Il tutto farebbe il paio con un’altra sospetta violazione delle sanzioni internazionali da parte della compagnia, questa volta con l’Iran. Alla base dell’arresto in Canada della chief financial officer di Huawei, Meng Wanzhou, figlia del potente fondatore dell’azienda Ren Zhengfei – fermata su richiesta americana e ora a rischio di estradizione negli Stati Uniti – ci sarebbe infatti anche l’accusa di aver fatto affari con Teheran attraverso una società apparentemente slegata dal colosso di Shenzhen e invece ad essa collegata secondo altri documenti interni raccolti.

IL TENTATIVO DELLA CASA BIANCA

Nel frattempo l’amministrazione americana cerca di destreggiarsi su un difficile terreno che vede il tentativo di distensione dei rapporti anche commerciale con la Cina, il non penalizzare oltremodo le aziende americane che forniscono componentistica alle tech di Pechino e la volontà di non cedere sul terreno della sicurezza nazionale, che sul fronte 5G viene ritenuta prioritaria anche per quanto concerne le reti che saranno implementate da partner e alleati con i quali lo scambio informativo è particolarmente importante.
Per discutere di questo, i manager della grandi aziende tecnologiche americane – Google, Intel e Qualcomm – saranno ricevuti nelle
prossime ore alla Casa Bianca dal segretario al Tesoro Steven Mnuchin e dal consigliere economico di Donald Trump, Larry Kudlow, che con il segretario al Commercio Wilbur Ross segue il dossier e che ha già detto che in ogni caso Huawei resterà a lungo nella ‘entity list’ del Dipartimento del Commercio.
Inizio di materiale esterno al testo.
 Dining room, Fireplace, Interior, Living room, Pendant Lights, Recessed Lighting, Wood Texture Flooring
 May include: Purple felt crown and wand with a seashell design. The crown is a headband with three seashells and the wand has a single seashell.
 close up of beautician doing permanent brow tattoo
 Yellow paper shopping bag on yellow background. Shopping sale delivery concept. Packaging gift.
Le imprese americane puntano a ottenere esenzioni (in parte già promesse da Washington), ma non è ancora chiaro quali saranno i parametri per ottenerle e le licenze necessarie.
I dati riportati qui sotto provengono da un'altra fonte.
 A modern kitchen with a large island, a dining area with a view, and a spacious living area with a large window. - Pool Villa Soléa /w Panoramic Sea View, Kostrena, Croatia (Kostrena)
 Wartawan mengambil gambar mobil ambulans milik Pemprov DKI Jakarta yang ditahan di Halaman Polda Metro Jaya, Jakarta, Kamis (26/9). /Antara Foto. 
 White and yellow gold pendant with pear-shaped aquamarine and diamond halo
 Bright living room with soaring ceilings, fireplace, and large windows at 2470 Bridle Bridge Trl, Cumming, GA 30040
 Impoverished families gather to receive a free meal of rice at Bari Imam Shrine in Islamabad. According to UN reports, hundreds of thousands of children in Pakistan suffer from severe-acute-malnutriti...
LA PRESSIONE DEL CONGRESSO

Su un altro fronte, quello politico, il Congresso punta a ottenere il controllo della questione. Nonostante le rassicurazioni governative, molti deputati e senatori americani non sono tuttavia d’accordo con la posizione assunta dall’amministrazione, e hanno deciso di agire con una proposta di legge che aumenta i poteri del Parlamento su questo argomento. Il “Defending America’s 5g Future Act”, che nasce proprio dal timore di un’eccessiva distensione, è stato appena presentato al Senato sia da repubblicani come Tom Cotton, Marco Rubio e Mitt Romney, sia da altrettanti democratici Chris Van Hollen, Mark Warner e Richard Blumenthal.
La legislazione proposta da Capitol Hill mira ad impedire in ogni modo la rimozione della telco dalla black list commerciale senza l’approvazione della Camera e del Senato, e a consentire al Congresso di bloccare eventualmente la concessione delle deroghe.
Il tutto in vista dei nuovi sviluppi attesi ad ottobre, quando il Dipartimento del commercio americano emetterà la “interim final rule”, ovvero una decisione finale sull’operatività delle aziende inserite nella lista nera, la quale attuerà ufficialmente l’ordine esecutivo. Nel frattempo la tensione resta alta.